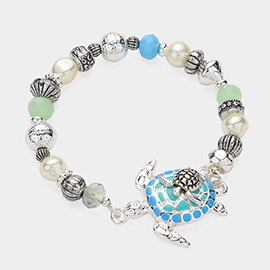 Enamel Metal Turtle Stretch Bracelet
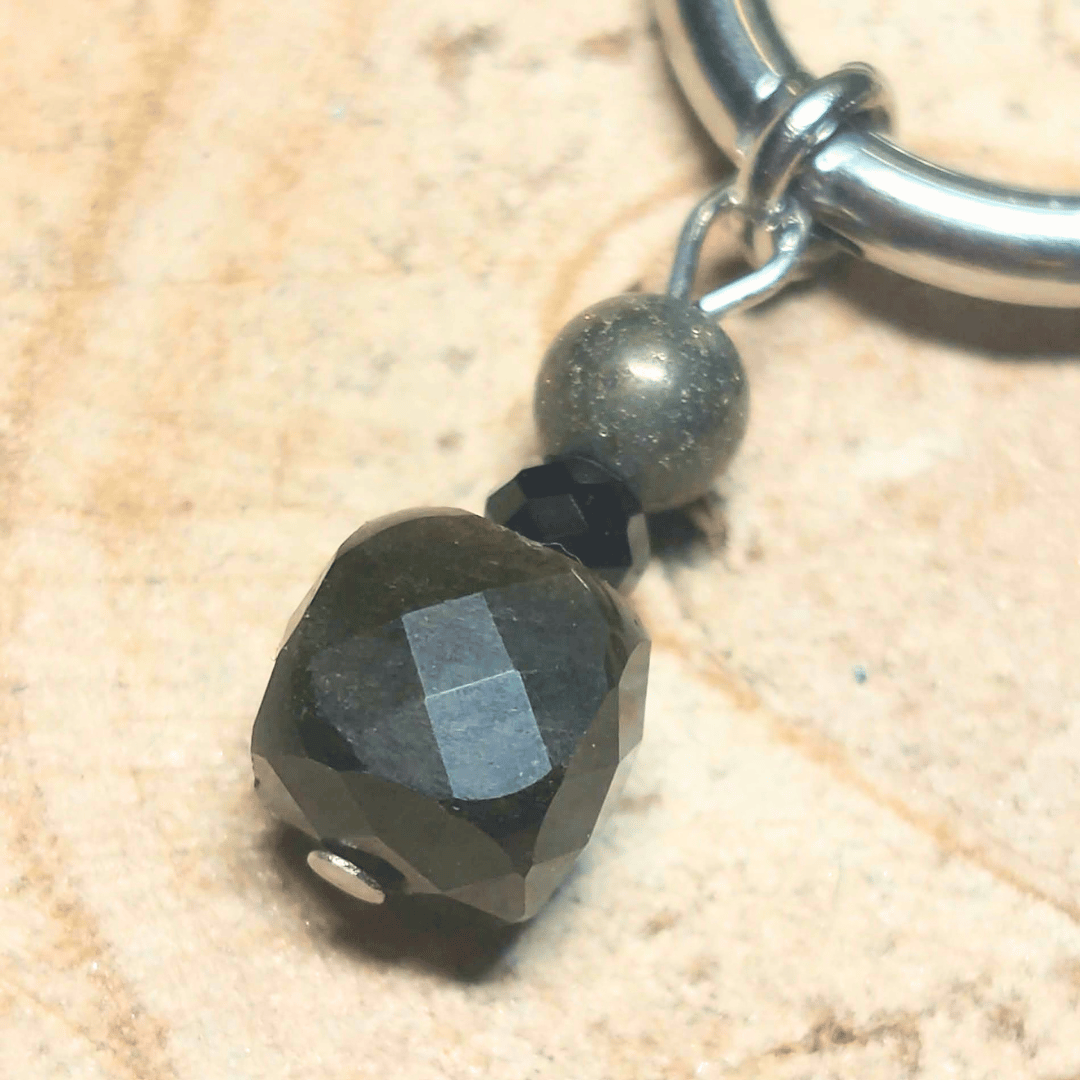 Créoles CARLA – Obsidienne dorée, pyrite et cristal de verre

--

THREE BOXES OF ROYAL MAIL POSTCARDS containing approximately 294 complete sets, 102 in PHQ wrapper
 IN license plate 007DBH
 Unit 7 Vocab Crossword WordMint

* **The task**
For the lines above, output exactly those from the line containing "THREE BOXES OF" through the line containing "Unit 7 Vocab Crossword WordMint", and skip the others.

* **Task answer**
THREE BOXES OF ROYAL MAIL POSTCARDS containing approximately 294 complete sets, 102 in PHQ wrapper
 IN license plate 007DBH
 Unit 7 Vocab Crossword WordMint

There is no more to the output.